CVS (Concurrent Versioning System) is the standard source code control system used in unix and other OS's. This is a quick primer about what source code control is and how CVS works. It's recommended to anyone doing any sort of group project, or even a large individual project.
Have you ever done a programming or writing assignment in a group? Was it really annoying to keep track of who was doing what? I thought so. :-)
Typically, when you try to do a project in a group, you manage your code the ad-hoc way, either by making all the files shared and trying not to edit over each other, or making a lot of copies of the files and then pulling your hair out over who edited what file when. Either way, it's really annoying. There must be a better solution...

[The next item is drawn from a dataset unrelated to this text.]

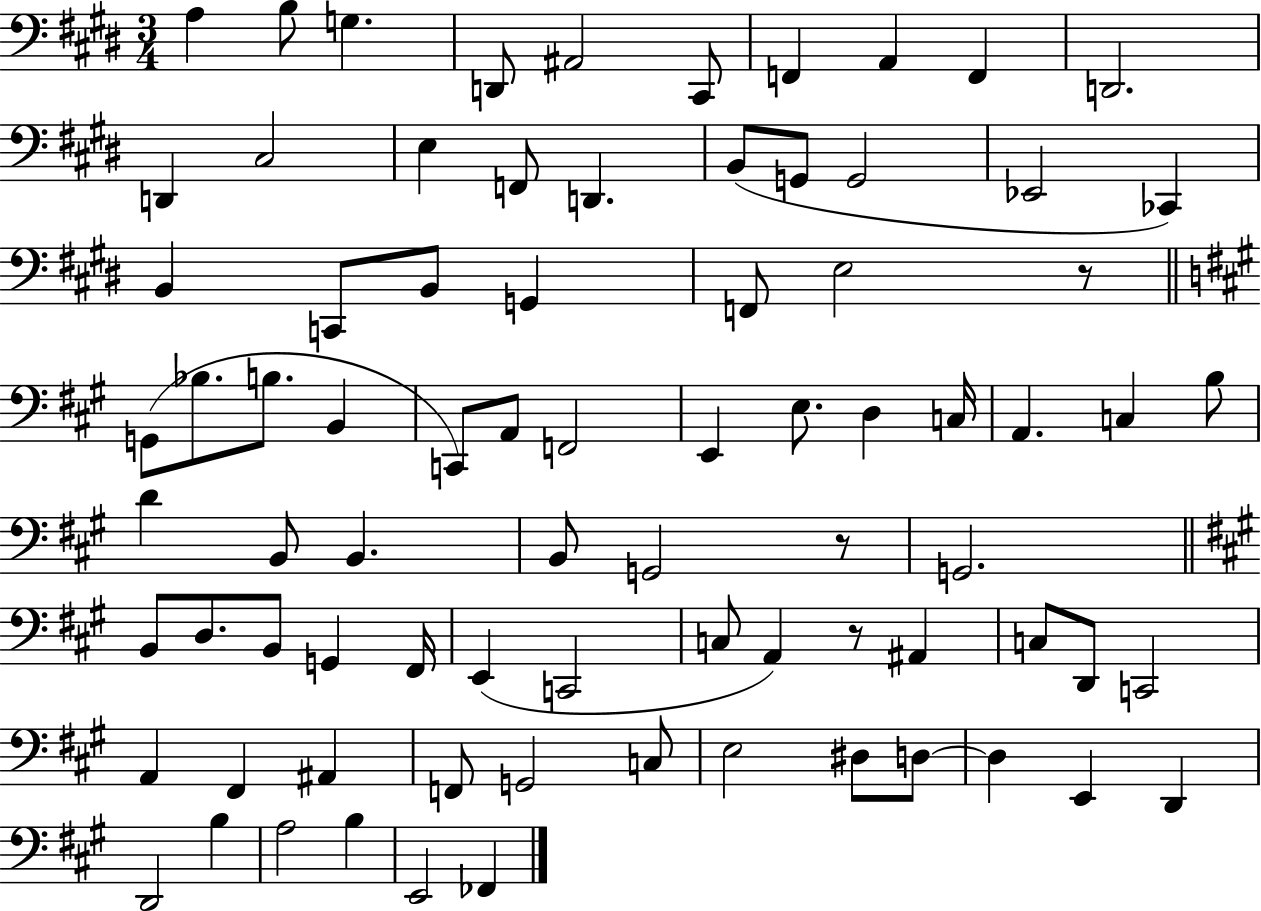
A3/q B3/e G3/q. D2/e A#2/h C#2/e F2/q A2/q F2/q D2/h. D2/q C#3/h E3/q F2/e D2/q. B2/e G2/e G2/h Eb2/h CES2/q B2/q C2/e B2/e G2/q F2/e E3/h R/e G2/e Bb3/e. B3/e. B2/q C2/e A2/e F2/h E2/q E3/e. D3/q C3/s A2/q. C3/q B3/e D4/q B2/e B2/q. B2/e G2/h R/e G2/h. B2/e D3/e. B2/e G2/q F#2/s E2/q C2/h C3/e A2/q R/e A#2/q C3/e D2/e C2/h A2/q F#2/q A#2/q F2/e G2/h C3/e E3/h D#3/e D3/e D3/q E2/q D2/q D2/h B3/q A3/h B3/q E2/h FES2/q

That's what source code and revision control is for. The idea is to make it as painless as possible for many people to work on a set of documents (specifically, code) at once, without getting in each others' way, and to keep a record of all the changes that were made so you can easily keep up to date on the code, and revert any bad changes back to the way they were.
What does CVS allow you to do? Well, you set up a shared repository of the source code, which holds your files and every change that was ever made to them. Each person can then edit the files simultaneously, without having to worry about overwriting someone else's precious changes. Merging code from different people is a breeze. Logging changes is automatic. It's great!
The main idea of CVS is that your group has a central repository of source code. The "official" copy of your project is always stored here. It contains all your source code, as well as any support files etc. Plus, it remembers all the changes that are ever made to the files (even if they're deleted). Basically, this is where your "working copy" lives.
But everyone can't edit the repository, right? Someone would quickly delete all the files in it or do some other careless thing. You know how groups are. The solution: Nobody actually works in the repository. Each person checks out a local copy of the source code for their own use. This is basically a scratch copy - it belongs to you, not to your team-mates. You can delete files in it, write really terrible code, anything you want. It's not the "official" version, just a working copy. It's here that you make all your changes, build the code, etc.
So, you're editing your code in the working copy. What do you do when you have some code that you think looks marginally presentable (meaning, it compiles, or possibly even works!)? Well, you want to commit that code back into the repository. When you commit your code, all the changes you made to it from the "official" version are merged back into the repository's version, and stored. These are the changes that get remembered. All that really terrible code you wrote back when you were trying to get everything to compile was just some scratch junk of your own. CVS isn't evil. It doesn't record every single bug you create. Just the ones you let other people see. It does nice things for you too. For instance, it slaps a new version number on the file for you, and can even update a change log, modification dates, all sorts of things.
So, what if someone else modified the file first? Well, that's what CVS is really for. If someone else modifies the file first, it automatically merges the changes together! As long as they're not in exactly the same place in the file, it'll do a really good job of keeping track of everything. And even if you both edit the file in the SAME place, it will refuse to actually lose information. It'll just put both copies in the file, surrounded by copious syntax errors, and tell you about the problem so you can determine whose code is right.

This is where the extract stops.